White hat methods of SEO involve following the search engines' guidelines as to what is and what isn't acceptable. Their advice generally is to create content for the user, not the search engines; to make that content easily accessible to their spiders; and to not try to game the system. Often, webmasters make critical mistakes when designing or setting up their websites, inadvertently "poisoning" them so that they will not rank well. White hat SEOs attempt to discover and correct mistakes, such as machine-unreadable menus, broken links, temporary redirects, or a poor navigation structure.

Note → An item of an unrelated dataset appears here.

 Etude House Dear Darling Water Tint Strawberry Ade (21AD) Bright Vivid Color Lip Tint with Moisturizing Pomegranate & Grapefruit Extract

Because search engines are text-centric, many of the same methods that are useful for web accessibility are also advantageous for SEO. Methods are available for optimizing graphical content, including ALT attributes, and adding a text caption. Even Flash animations can be optimized by designing the page to include alternative content in case the visitor cannot read Flash.

Some methods considered proper by the search engines:

Using unique and relevant title to name each page.

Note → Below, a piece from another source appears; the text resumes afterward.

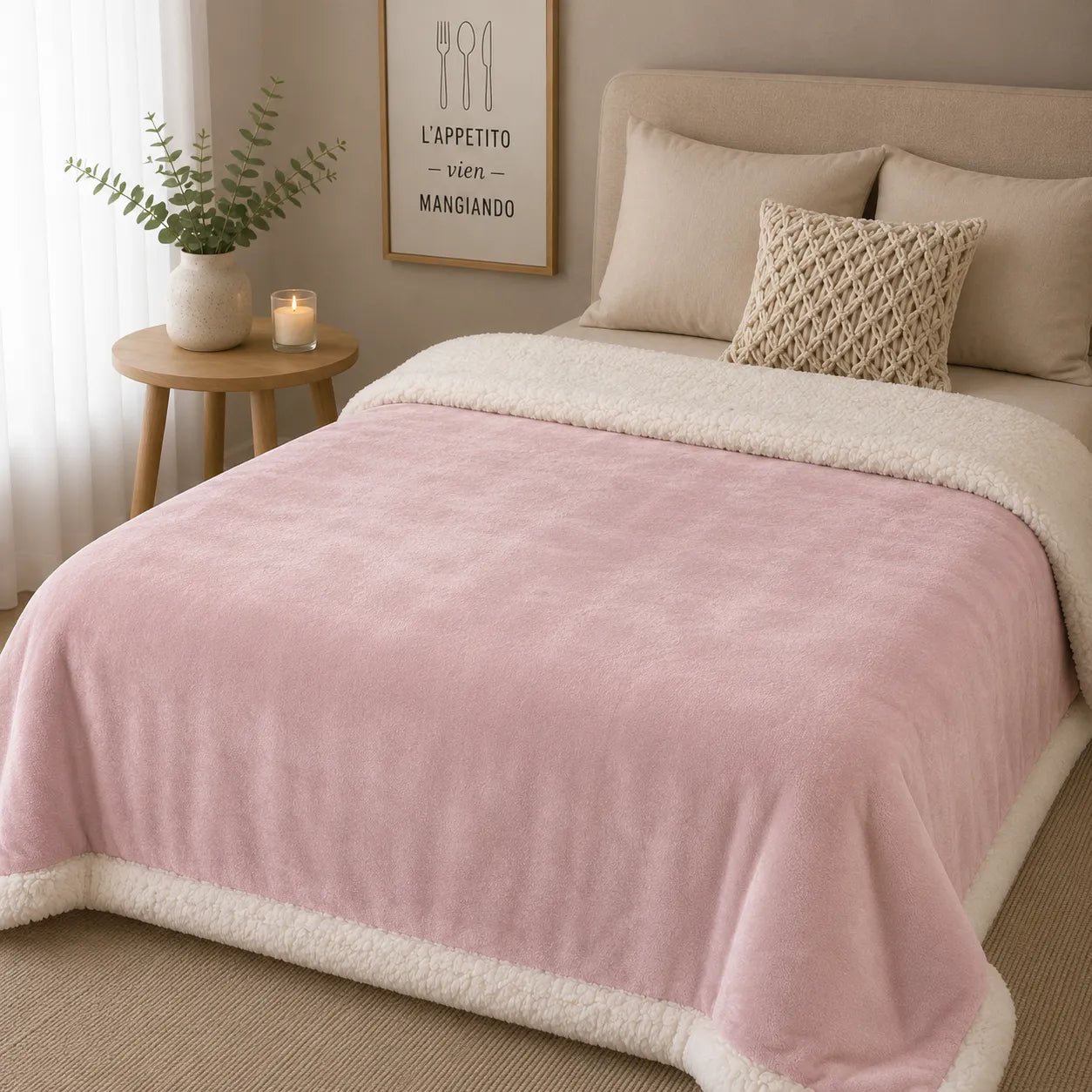 Plaid sherpa rose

Editing web pages to replace vague wording with specific terminology relevant to the subject of the page, and that the audiences that the site was developed for will expect to see on the pages, and will search with to find the page.
Increasing the amount of unique content on the site.
Writing quality content for the website visitors instead of the search engines.
Using a reasonably-sized, accurate description meta tag without excessive use of keywords, exclamation marks or off topic terms.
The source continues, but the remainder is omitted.